Rather than running a Cox regression with all of these covariates, I was wondering if it makes sense (from a statistical theory perspective) to apply propensity score matching to the covariates to thus match on the outcome variable and then run my Cox regression with extraversion as the only predictor on the resulting matched dataset?
 A: It is uncertain which statistical method should be used on the matched data, as you must respect the matched nature of the new artificial dataset.  An equally big problem is that the Cox coefficient for the exposure in the matched dataset has a different meaning and is usually smaller in absolute value than had you done a full conditional-on-covariates analysis, due to non-collapsibility of hazard ratios.  By using the propensity analysis you are not respecting outcome heterogeneity that would have been explainable by covariate adjustment.
Think of propensity scores as part of a data reduction strategy (unsupervised learning) that assists in the case where there are too many covariates to adjust for for the number of outcome events (you need at least, say, 4 events per covariate for stable adjustment).  I say part because you also need to adjust for the big predictors of outcome which a matched analysis doesn't allow you to do, so covariate adjustment using a spline of the logit of propensity would be preferred to matching if you really, really needed to do data reduction.

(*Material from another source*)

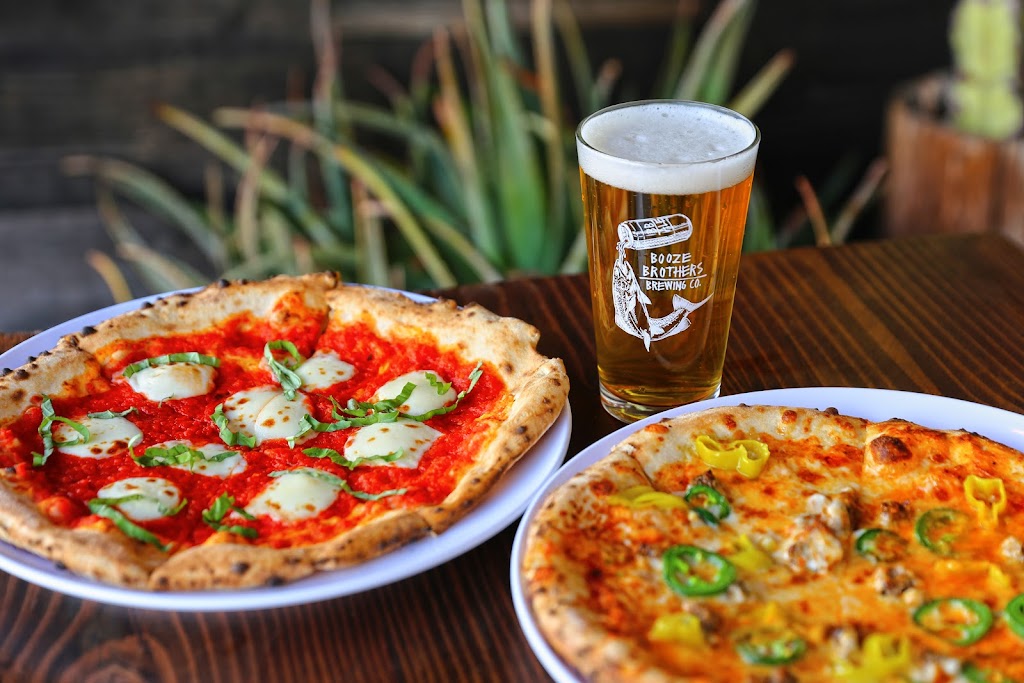 Pizza Bros | restaurant | 2545 Progress St, Vista, CA 92081, USA | 7602950217 OR +1 760-295-0217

A: The propensity score method is to make the baseline covariates of the treatment and control groups are similar as possible. Because individuals who select one treatment or who exposed to some risk factor of interest likely different from those who don't in the non-randomized trail.
So, you could use the propensity score method to make the balance in the distribution of the baseline covariates, then run cox regression for the matched data set.